Snowed in, the residents of a guest house find themselves trapped with a murderer. This story would later become the famous play, The Mousetrap.

More about this story

When Queen Mary was asked what she would like for her 80th birthday, she requested a new story from one of her favourite writers, Agatha Christie. The BBC got in touch with Christie and asked if she would like to write a short radio play for the Queen, which she happily obliged to and created Three Blind Mice. She donated her fee of one hundred Guineas to the Southport Infirmary Children’s Toy Fund. Unfortunately no recording of the original performance exists.

The idea for the radio play came, as was often the case with Christie, from a real-life news story in 1945 about two brothers abused in foster care, one of whom died as a result. It was a case that shocked the nation and resulted in the changing of the laws surrounding foster care a couple of years later.

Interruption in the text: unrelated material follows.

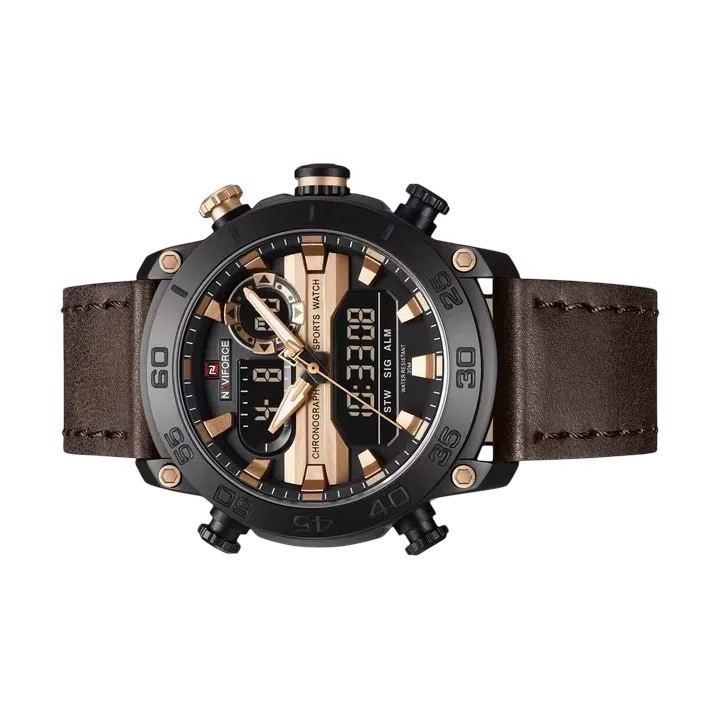 Reloj Naviforce Original Nf9235 Analogo Hombre + Estuche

The radio play was first broadcast on the BBC in 1947. Agatha Christie then adapted the 30-minute radio play in 1948 to a short story, published in May in Cosmopolitan magazine, and later in the 1950 US collection Three Blind Mice and Other Stories. The short story version was never published in the UK on Christie’s insistence that it should not clash with the 1952 stage adaptation, famously renamed The Mousetrap. As long as the adaptation ran in London’s West End (as it has for over 60 years) the short story wasn’t to be published.